An extraordinary light gave intelligence of the birth of Christ (ch. 2:2), and therefore it was proper that an extraordinary darkness should notify his death, for he is the Light of the world
Why have you forsaken me?
This was a reference to David’s Psalm 21:1
My God, my God, why hast thou forsaken me? Why art thou so far from helping me, and from the words of my roaring?
Packer notes:
Jesus’s desolate cry is a fulfillment of Psalm 22:1 showing the depth of His distress as He suffers separation from the Father. Lather the apostles realized that Jesus was enduring the dreadful wrath of God’s judgment on sin. This was all the more agonizing to One whose relationship with the Father was perfect in love. The cry is in Aramaic, except the Hebrew “Eli” Mark gives the Aramaic “Eloi.”

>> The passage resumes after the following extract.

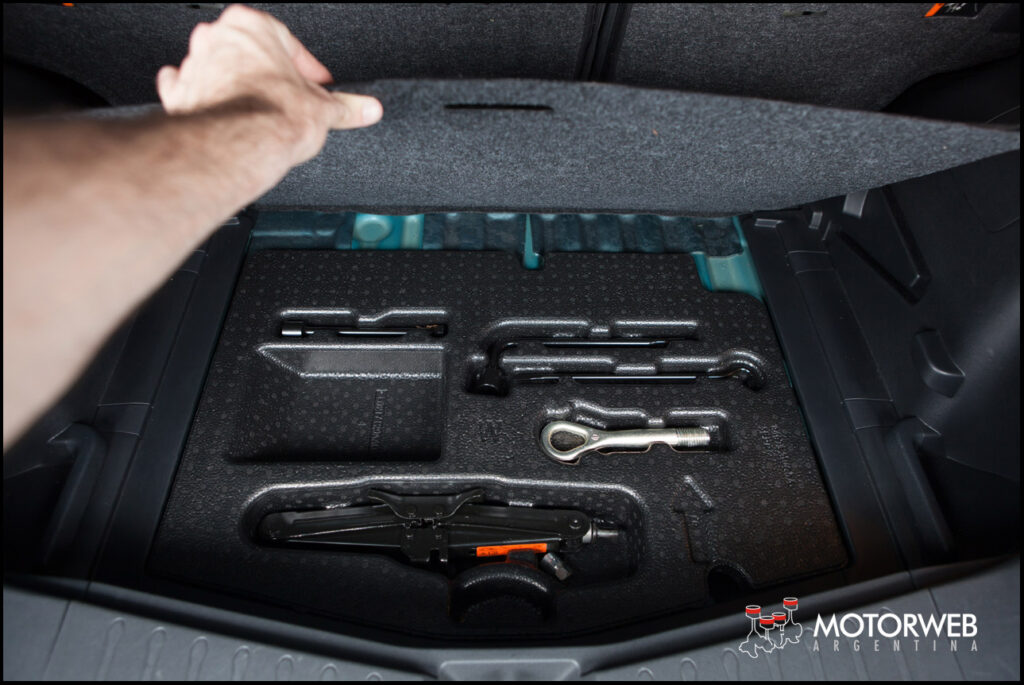 2015-05 TEST Nissan Note CVT Motorweb Argentina 096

I want to ask and answer some very, very difficult questions as we conclude this morning. I will be very transparent with you in offering MY responses to these questions, and as always, if you have a thought or comment, feel free to share it.
Was this a moment of doubt, and therefore sin?
Answer: It was doubt, but doubt is not necessarily sin, it is the dawn of faith. Was this not what Jesus went through in his prayer in the garden.
Note: To have a doubt is not to live in doubt. Living in doubt means you don’t believe, and James speaks to this.
James 1:6-8
6 But let him ask in faith, with no doubting, for he who doubts is like a wave of the sea driven and tossed by the wind. 7 For let not that man suppose that he will receive anything from the Lord; 8 he is a double-minded man, unstable in all his ways.
Was this very question a sin?
Answer: No, it MUST not have been, otherwise, Jesus’s mission has failed.
Was he really forsaken? And if not, is Jesus mistaken? And if Jesus is mistaken, is this not a sin?
Answer: He absolutely, positively WAS forsaken.
Why was he forsaken? Because he had become sin.
Why had he become sin? For you.
(Not “for us”, but “for you”)
Close your eyes with me for a moment. Picture Jesus on the cross. He raises his head, just before giving up his spirit and says, “For you.”